TASK TO COMPLETE =
The required result is an exact copy of the lines from the one containing "Revente - Detached Villa - Ciudad Quesada" to the last line of the records, both ends included, without pictures.

━━ SOURCE DATA ━━

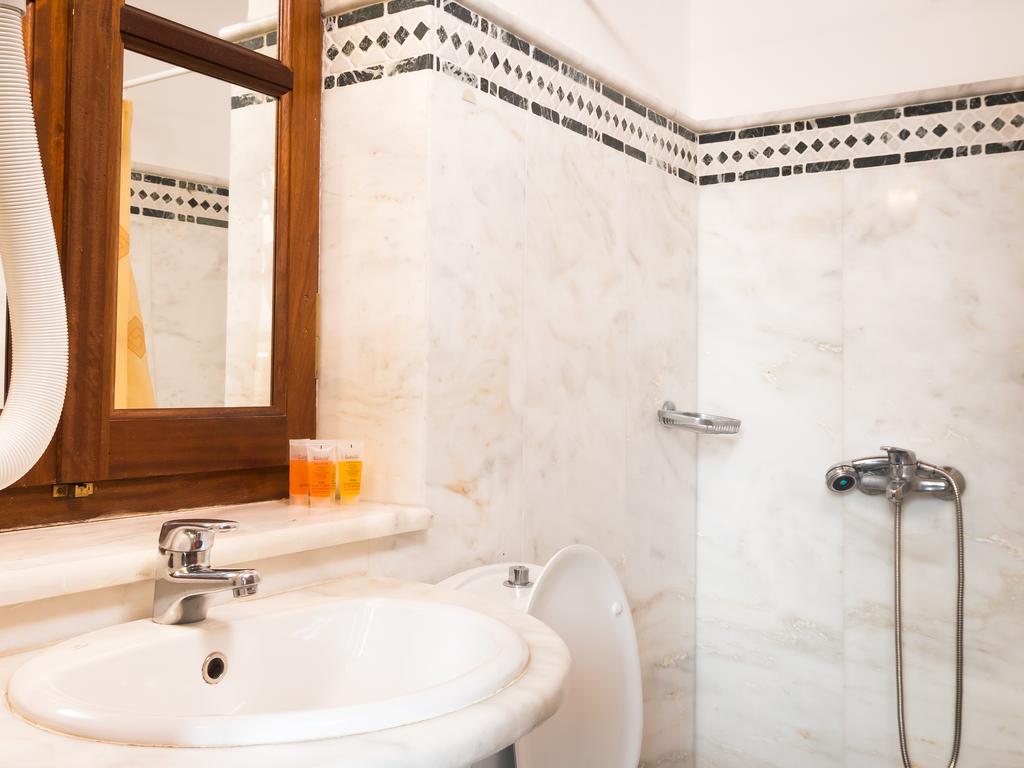 Apartament Xenon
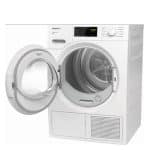 מייבש כביסה פתח חזית MIELE מילה TSD263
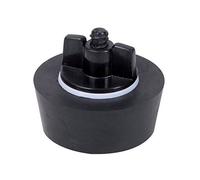 jardiboutique - Bouchon 1" 1/2 pour ø 50 mm d'hivernage pour Piscine.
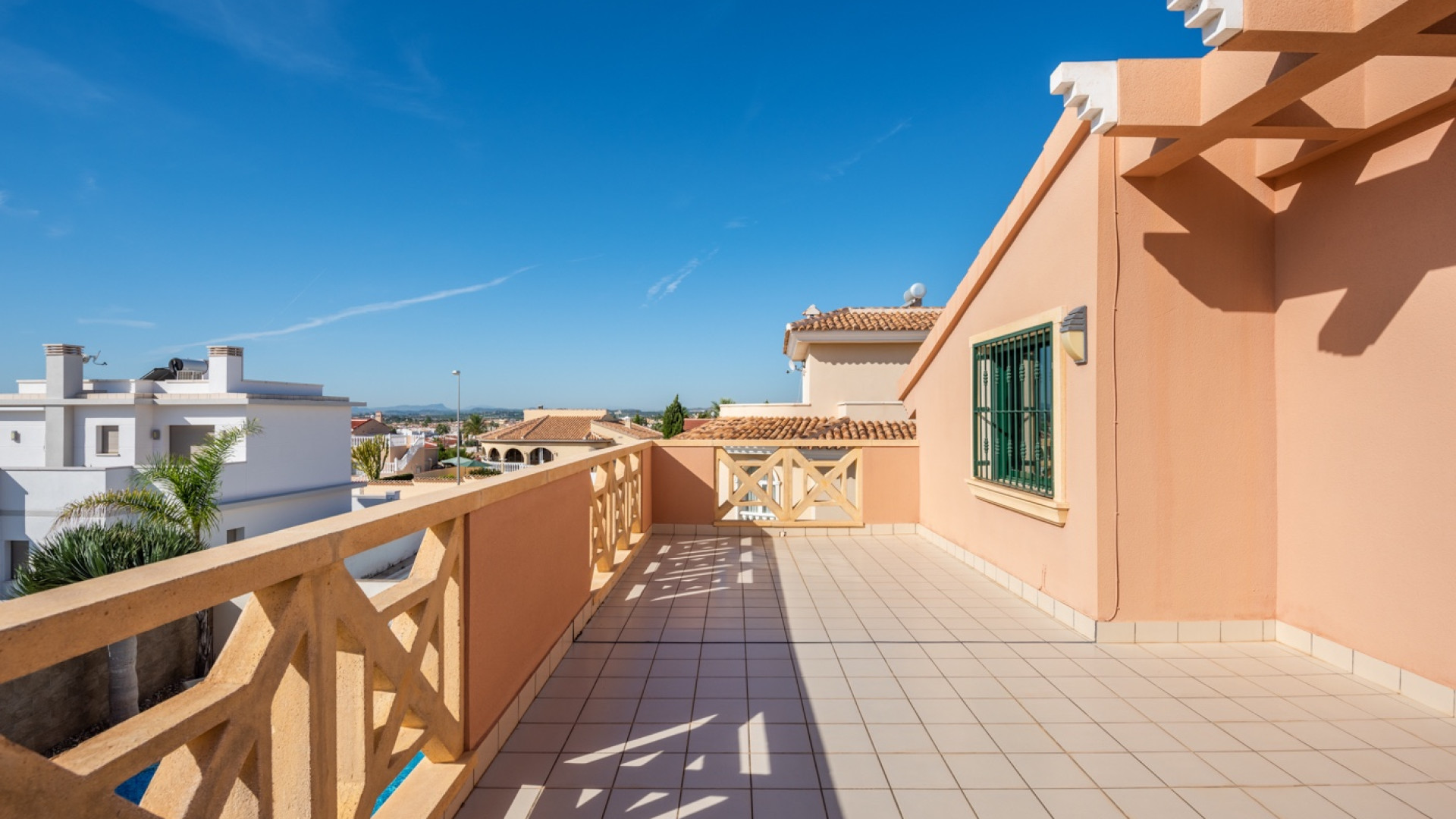 Revente - Detached Villa - Ciudad Quesada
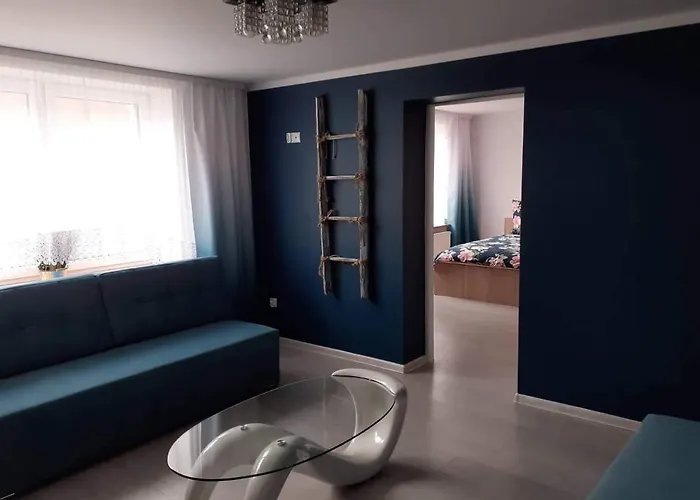 Na Spokojnie Apartamento *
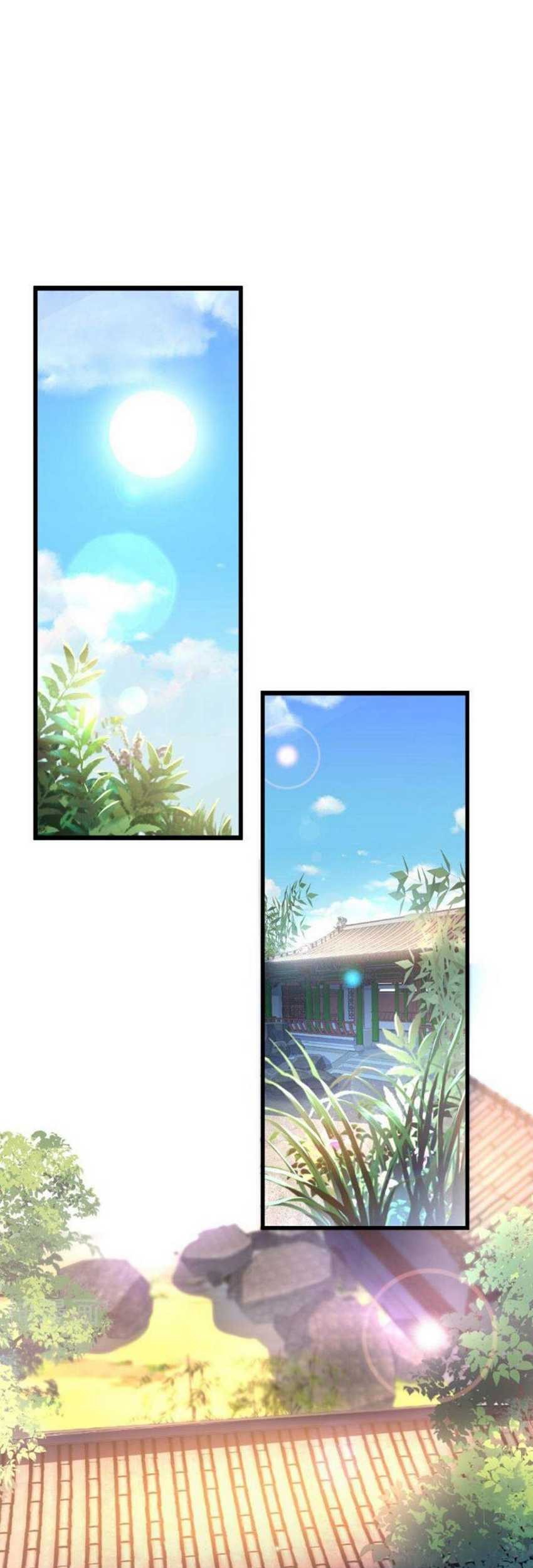 Bisheng Supreme’s Rebirth Chapter 3 - halaman 13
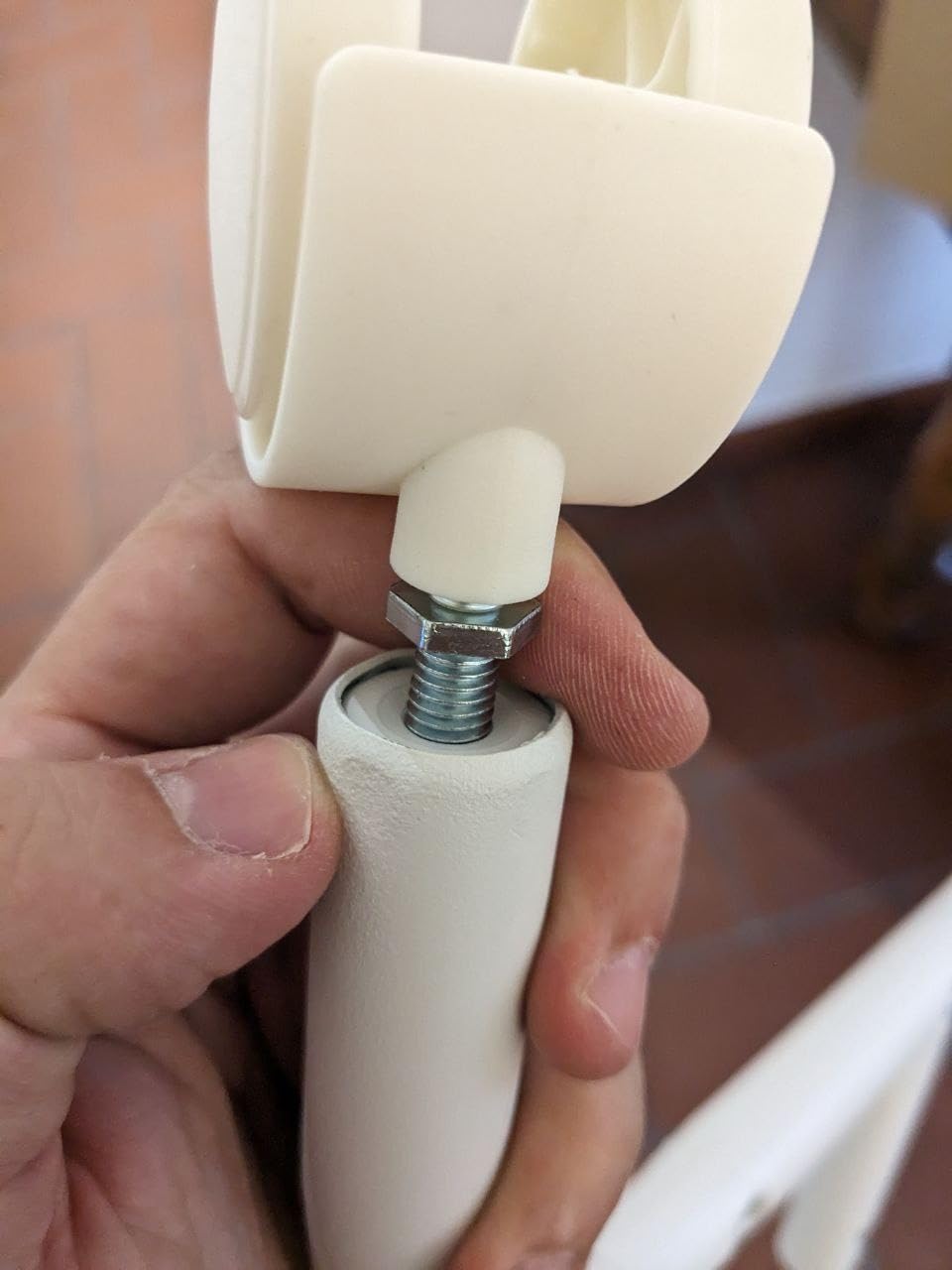 Guter Garderobenständer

━━━

EXERCISE RESPONSE =
 Revente - Detached Villa - Ciudad Quesada
 Na Spokojnie Apartamento *
 Bisheng Supreme’s Rebirth Chapter 3 - halaman 13
 Guter Garderobenständer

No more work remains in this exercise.